The Rev. Dr. Mel White recently stated that “you can’t love the sinner and hate the sin.” Yet many claim today to do just that. This oft-quoted statement does not in fact originate from the Bible as some may believe, but instead it apparently comes from a letter that St. Augustine wrote to some contentious nuns. Augustine’s phrase, “cum dilectione hominum et odio vitiorum,” “with love of persons and hatred of sins,” is used parenthetically,and does not even mention “sinners.”
As homophobia becomes less and less acceptable to more people in America, many “religious” persons have begun to use the phrase “love the sinner, but hate the sin” to justify their use of defaming thoughts, words, and deeds toward those in the GLBT community. But what does it mean to “hate the sin”? More importantly, can anyone really hate the sin while not hating the person as well?
The relation of sin to person is difficult to grasp. We are God’s creation. Yet, we are flawed by our own wrongdoings and disobedience toward God and our neighbors — doing wrong through the free will that God gives us. Our failure to love God with the whole of our hearts, minds, spirit and strength, and to love our neighbors as ourselves, lies at the heart of the sin that separates us from God and one another. We all sin, but is any sin separable from the sinner, or vice-versa (no pun intended!)?

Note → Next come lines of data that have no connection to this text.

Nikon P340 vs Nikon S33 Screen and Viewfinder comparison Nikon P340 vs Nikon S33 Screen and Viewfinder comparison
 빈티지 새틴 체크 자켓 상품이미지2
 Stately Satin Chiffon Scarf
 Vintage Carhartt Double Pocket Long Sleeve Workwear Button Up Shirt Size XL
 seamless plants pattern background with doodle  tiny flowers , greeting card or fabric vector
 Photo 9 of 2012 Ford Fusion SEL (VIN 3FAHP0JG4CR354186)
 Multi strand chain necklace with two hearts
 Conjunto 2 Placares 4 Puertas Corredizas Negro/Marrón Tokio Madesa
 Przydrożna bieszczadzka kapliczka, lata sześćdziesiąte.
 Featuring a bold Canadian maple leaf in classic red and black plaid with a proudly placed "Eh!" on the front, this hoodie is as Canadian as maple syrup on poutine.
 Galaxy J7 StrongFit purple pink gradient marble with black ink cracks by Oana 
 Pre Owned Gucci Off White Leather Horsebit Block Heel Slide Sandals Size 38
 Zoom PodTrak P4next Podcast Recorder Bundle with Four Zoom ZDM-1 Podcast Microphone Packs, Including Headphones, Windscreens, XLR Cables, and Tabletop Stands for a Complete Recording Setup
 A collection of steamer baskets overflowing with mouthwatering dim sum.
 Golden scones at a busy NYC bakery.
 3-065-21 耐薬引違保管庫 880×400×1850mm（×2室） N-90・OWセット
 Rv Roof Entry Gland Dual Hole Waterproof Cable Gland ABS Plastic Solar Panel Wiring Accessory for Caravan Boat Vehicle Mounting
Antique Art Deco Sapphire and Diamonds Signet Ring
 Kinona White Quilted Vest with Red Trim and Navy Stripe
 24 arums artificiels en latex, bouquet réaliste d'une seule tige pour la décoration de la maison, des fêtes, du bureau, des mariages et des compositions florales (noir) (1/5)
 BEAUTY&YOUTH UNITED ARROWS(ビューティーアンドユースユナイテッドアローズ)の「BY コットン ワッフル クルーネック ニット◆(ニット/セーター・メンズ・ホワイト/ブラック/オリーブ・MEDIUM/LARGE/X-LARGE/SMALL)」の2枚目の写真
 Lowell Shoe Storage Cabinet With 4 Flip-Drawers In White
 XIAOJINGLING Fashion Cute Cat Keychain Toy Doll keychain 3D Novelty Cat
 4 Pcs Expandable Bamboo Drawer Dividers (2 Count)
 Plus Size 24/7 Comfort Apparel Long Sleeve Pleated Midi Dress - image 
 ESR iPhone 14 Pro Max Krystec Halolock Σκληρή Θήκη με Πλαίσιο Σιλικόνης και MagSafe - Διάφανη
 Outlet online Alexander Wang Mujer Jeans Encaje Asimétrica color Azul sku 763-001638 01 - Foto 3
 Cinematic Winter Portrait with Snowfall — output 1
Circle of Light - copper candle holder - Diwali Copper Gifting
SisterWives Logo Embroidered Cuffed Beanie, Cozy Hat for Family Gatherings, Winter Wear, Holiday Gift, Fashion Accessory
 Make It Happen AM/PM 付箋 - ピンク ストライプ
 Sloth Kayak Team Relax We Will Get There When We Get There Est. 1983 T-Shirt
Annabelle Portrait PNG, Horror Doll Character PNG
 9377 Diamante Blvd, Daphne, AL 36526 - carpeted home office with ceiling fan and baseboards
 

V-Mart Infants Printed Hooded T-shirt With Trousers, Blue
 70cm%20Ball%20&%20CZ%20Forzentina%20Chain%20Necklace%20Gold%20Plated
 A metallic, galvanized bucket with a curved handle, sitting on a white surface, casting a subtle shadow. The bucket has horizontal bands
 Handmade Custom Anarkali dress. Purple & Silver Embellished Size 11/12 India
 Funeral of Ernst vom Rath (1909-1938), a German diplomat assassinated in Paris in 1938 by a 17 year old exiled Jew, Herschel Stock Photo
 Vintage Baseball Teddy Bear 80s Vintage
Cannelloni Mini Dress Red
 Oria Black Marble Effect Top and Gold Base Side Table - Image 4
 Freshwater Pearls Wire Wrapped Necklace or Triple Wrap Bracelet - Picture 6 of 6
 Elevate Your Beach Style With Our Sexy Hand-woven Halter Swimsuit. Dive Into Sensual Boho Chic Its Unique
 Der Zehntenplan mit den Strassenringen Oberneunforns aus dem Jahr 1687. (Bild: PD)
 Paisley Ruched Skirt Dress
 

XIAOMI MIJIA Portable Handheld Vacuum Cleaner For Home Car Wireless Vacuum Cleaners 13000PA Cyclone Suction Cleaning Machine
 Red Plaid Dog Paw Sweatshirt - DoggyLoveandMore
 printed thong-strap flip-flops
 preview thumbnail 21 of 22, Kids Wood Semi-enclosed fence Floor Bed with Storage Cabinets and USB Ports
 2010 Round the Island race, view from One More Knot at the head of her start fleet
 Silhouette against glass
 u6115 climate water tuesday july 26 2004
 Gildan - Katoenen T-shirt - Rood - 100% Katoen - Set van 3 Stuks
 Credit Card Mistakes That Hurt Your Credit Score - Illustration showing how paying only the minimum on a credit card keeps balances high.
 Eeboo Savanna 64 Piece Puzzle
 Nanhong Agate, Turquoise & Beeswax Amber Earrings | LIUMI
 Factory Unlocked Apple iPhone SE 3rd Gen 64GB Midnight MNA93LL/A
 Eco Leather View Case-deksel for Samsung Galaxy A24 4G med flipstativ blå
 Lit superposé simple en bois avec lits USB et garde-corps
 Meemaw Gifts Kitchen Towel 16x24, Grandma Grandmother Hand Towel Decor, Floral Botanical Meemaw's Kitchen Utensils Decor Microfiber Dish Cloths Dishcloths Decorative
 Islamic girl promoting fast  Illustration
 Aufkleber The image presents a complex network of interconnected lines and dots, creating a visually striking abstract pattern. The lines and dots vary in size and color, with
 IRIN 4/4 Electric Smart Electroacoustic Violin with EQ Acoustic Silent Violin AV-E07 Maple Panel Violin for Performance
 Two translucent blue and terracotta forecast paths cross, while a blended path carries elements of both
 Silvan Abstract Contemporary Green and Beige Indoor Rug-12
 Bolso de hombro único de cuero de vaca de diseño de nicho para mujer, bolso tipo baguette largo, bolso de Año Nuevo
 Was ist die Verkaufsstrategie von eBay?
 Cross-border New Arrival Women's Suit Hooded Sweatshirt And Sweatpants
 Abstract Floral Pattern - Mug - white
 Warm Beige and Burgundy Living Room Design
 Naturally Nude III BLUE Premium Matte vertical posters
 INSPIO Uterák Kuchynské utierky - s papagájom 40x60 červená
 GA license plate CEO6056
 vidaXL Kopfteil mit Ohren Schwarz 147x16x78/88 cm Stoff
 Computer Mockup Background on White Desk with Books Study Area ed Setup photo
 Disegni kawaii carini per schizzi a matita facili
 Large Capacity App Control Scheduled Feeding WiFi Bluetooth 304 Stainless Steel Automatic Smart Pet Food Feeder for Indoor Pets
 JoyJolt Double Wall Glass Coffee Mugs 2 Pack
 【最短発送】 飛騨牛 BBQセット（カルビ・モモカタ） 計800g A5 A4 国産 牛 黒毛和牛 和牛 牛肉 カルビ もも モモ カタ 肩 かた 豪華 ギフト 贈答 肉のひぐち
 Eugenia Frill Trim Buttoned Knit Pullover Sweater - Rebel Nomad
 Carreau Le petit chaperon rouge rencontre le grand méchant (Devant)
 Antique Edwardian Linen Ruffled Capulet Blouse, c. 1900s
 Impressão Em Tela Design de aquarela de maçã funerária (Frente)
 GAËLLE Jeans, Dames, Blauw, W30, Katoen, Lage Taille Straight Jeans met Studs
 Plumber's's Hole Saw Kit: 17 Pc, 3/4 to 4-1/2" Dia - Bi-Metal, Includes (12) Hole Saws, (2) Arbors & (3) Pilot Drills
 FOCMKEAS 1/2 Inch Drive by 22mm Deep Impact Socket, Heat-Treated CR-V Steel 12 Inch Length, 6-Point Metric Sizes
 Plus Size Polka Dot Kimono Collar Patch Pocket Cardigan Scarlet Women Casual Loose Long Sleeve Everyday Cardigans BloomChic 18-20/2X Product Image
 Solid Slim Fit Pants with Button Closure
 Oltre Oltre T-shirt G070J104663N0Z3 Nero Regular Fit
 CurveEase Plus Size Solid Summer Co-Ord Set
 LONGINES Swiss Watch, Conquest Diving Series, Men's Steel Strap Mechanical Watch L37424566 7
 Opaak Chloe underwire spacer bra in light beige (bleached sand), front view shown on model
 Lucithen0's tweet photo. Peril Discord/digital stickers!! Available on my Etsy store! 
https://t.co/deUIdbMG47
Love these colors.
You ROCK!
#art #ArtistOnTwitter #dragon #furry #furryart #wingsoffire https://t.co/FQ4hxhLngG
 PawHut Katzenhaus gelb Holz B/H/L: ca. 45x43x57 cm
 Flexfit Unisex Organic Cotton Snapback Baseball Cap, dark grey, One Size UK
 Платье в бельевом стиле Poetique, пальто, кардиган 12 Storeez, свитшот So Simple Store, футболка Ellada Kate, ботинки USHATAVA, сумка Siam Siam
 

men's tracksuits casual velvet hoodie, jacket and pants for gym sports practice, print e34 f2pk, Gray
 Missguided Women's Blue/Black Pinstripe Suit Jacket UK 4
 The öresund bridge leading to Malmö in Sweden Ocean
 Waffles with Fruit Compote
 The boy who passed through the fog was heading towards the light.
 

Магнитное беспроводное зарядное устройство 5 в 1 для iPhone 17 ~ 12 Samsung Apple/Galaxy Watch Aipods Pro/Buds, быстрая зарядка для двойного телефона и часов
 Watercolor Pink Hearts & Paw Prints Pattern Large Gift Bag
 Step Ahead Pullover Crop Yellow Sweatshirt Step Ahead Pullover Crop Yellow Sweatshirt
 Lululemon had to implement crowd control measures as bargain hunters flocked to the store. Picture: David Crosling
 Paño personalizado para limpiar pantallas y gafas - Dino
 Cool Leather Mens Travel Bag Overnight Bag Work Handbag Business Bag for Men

Part of Paul’s discussion of sin in Romans may help us with this question: “Now if I do what I do not want, it is no longer I that do it, but the sin that dwells within me” (Romans 7:20, NRSV version). The image of sin as actually “setting up house” within us (as the Greek implies) suggests that we host sin, yet are not necessarily sinful. However, this description of sin also suggests that sin needs a sinner in order to survive, like a parasite needs its host. By Paul’s definition of sin here, it seems that sin is something apart from the sinner, yet not completely separable. Can we then “hate the sin” without hating ourselves or others?
Even if sin is not separable from sinner, we are still inseparable from God. In his typical hyperbole, Martin Luther remembered Paul’s reassuring words of Romans 8: “No sin can separate us from God, even if we were to kill or commit adultery thousands of times each day.” Yet one sin has indeed sought to separate many from God: the sin of casting judgment.
Some may feel compelled to judge the sin of “homosexuality” by citing certain Bible passages, chiefly Leviticus 18:22 and 20:13, and Romans 1: 26-28. (For a look at what the Bible says about homosexuality visit this page.) Yet hate or fear often compel strict judgment, to the extent that some would advocate following Leviticus to the letter and punishing those who engage in same-sex intercourse with death. (Those who cite Leviticus 20:13 as judgment against gays and lesbians should look closely at Leviticus 20:9.) Such punishment, though it seems incomprehensible to us in America, is indeed carried out in other nations today.
We do not, however, have to look abroad for signs of such punishment, but can see the murder that hate has produced right before our eyes. 1 John 3:15a states: “All who hate a brother or sister are murderers” (NRSV version). And for gays, lesbians, bisexual and transgender persons, we have seen again and again the murder that comes from being hated as persons: from the emotional murder of failed ex-gay “therapies” and the “closet,” to the spiritual murder of being forced to leave a church that preaches love but practices hate, to the physical murder on a fencepost in Laramie, Wyoming, and sadly, the self-imposed murder of thousands who believe that neither God nor anyone else loves them.
So much blood is on the hands of those who claim to love in Christ’s name, but really hate, using the Bible and religion to shield their fear and prejudice. And not just the blood of those who are persecuted, beaten, tortured, and killed, but Christ’s blood as well.
The Body of Christ bleeds for those who have been caused to doubt God’s love for them by others who see themselves as fit judges of sin. But make no mistake: Jesus died for us, shed his blood for us, to ensure that we would know that God loves us, all of us. Jesus could love the sinner and hate the sin, but no one else is truly capable of doing so. Jesus could call us evil and still love us enough to die for us, but no one else can do that. Jesus called on us to repent from our sins and wrongdoings before a God who loves us, broken as we are, even the parts of us we’re afraid to show. Jesus proclaimed the forgiveness of sin, not the hatred of sin.
Those who claim to “love the sinner but hate the sin” need to spend more energy loving and less hating, lest the judged continue to be punished in error, and the blood of Jesus be wasted by those who pretend to judge in his name.
A member of Our Saviour’s Atonement Lutheran Church in New York City, Chris Wogaman was active with Lutherans Concerned New York and entered Yale Divinity School in September 2002 with plans to pursue ordination in the Evangelical Lutheran Church in America.